GOAL OF THE EXERCISE: Give an exact reproduction of the lines from the one with "Kvinnliga läkare isolerat på vita Stockfoto" to the final line of the entries below, both ends included, and omit the pictures.

Stored items from a collection:

__________________________________________________

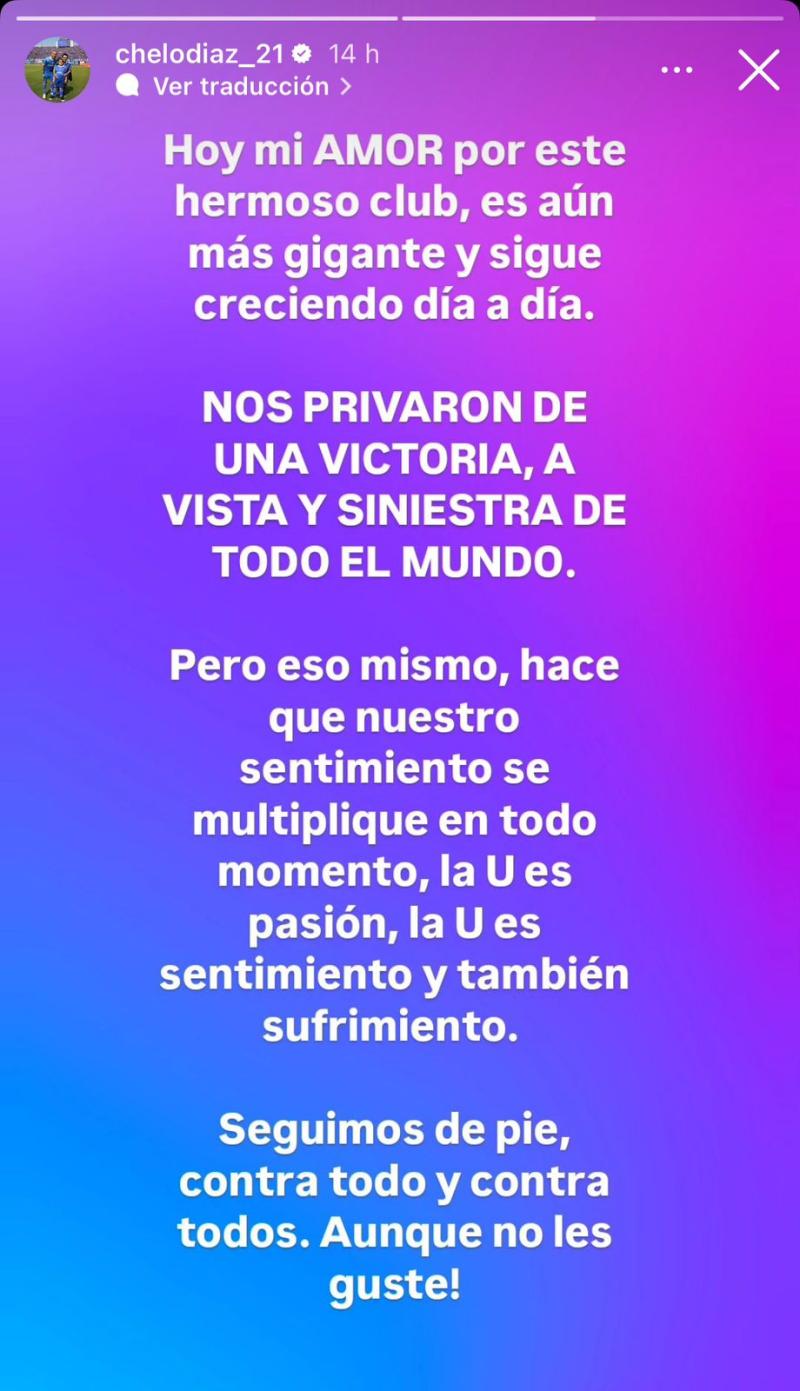 Marcelo Díaz y reclamos de U de Chile - Créditos: @chelodíaz_21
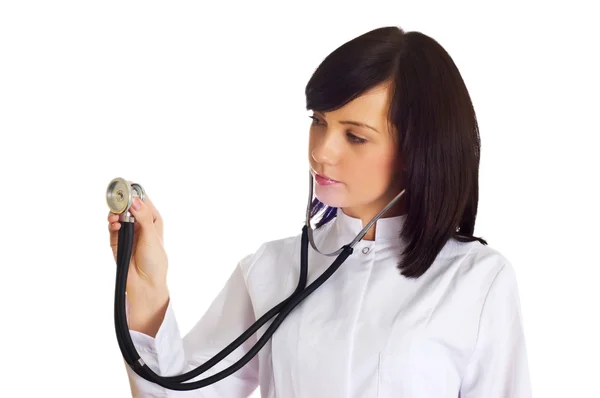 Kvinnliga läkare isolerat på vita Stockfoto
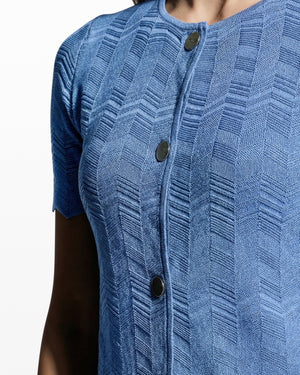 Anne Klein Button Front Zigzag Pointelle Cardigan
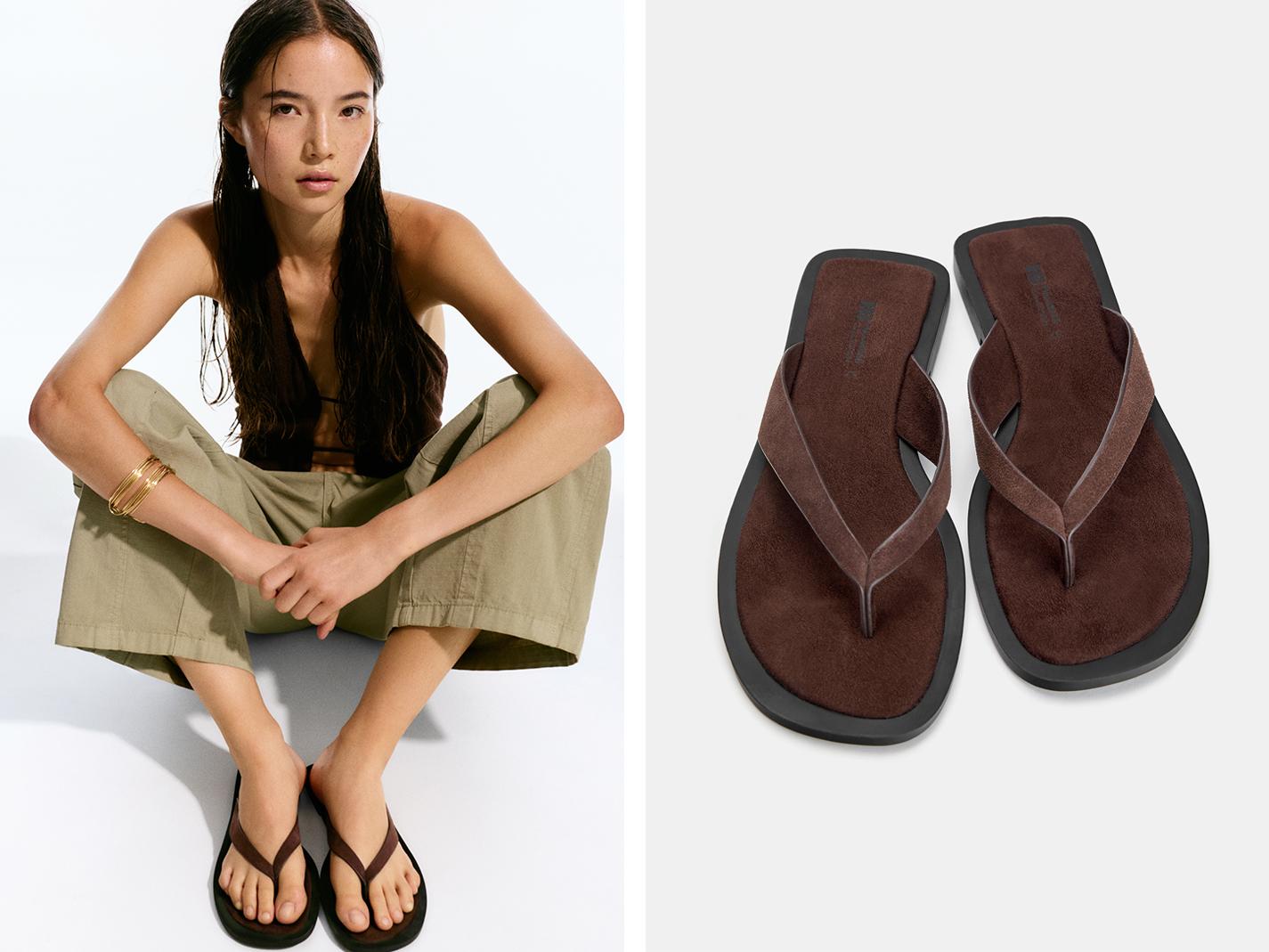 Flat leather sandals — Brown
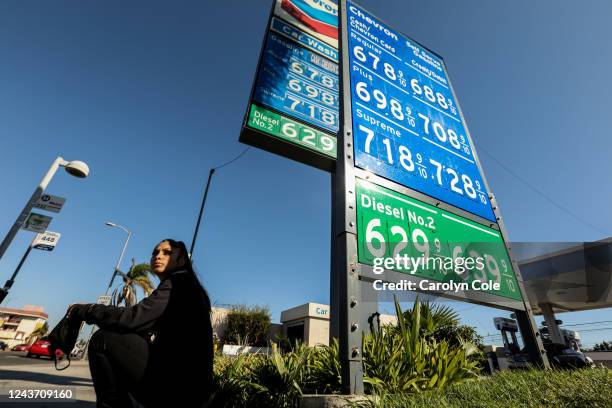 Los Angeles, California-Oct. 3, 2022-Gas prices are on the rise again in Los Angeles, California on Oct. 3 this Chevron station in Torrance, CA.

__________________________________________________

EXPECTED ANSWER:
 Kvinnliga läkare isolerat på vita Stockfoto
 Anne Klein Button Front Zigzag Pointelle Cardigan
 Flat leather sandals — Brown
 Los Angeles, California-Oct. 3, 2022-Gas prices are on the rise again in Los Angeles, California on Oct. 3 this Chevron station in Torrance, CA.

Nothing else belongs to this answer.